The listing below holds a line with "Trifari brooch &" and a line with "Pencil Reed Rattan Armoire". Reproduce those two lines exactly, plus everything between them.

» **Provided material**:
== == ==

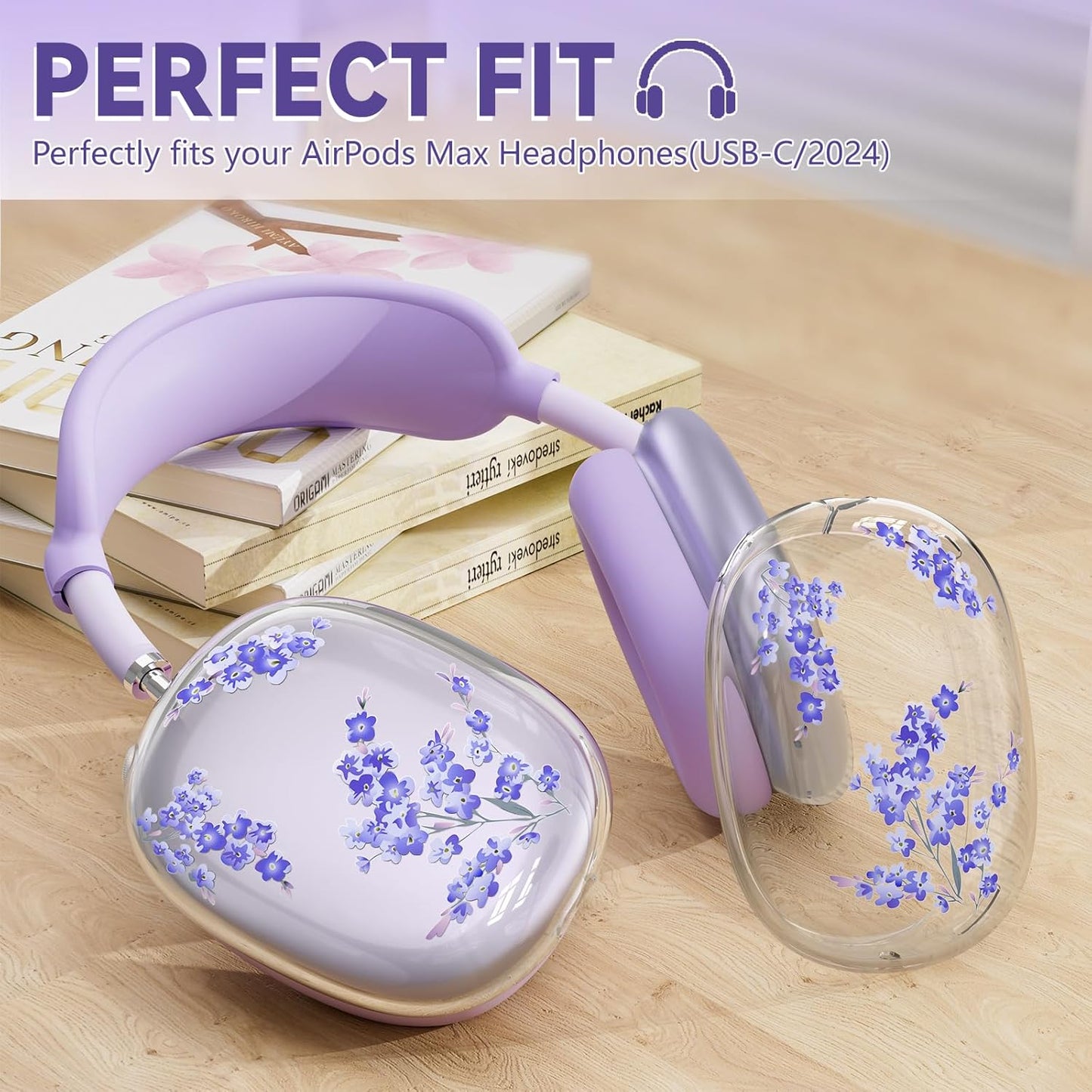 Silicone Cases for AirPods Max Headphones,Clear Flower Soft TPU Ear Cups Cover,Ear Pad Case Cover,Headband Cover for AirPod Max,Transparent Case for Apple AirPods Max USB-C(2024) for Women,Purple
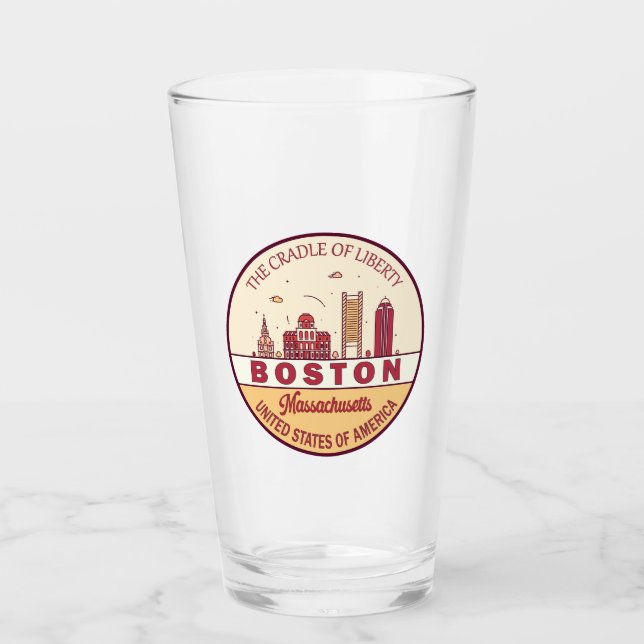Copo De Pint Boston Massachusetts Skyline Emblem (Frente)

== == ==

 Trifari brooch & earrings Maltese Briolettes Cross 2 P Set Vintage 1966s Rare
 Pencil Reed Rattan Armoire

== == ==

» **Reply**:
 Trifari brooch & earrings Maltese Briolettes Cross 2 P Set Vintage 1966s Rare
 Pencil Reed Rattan Armoire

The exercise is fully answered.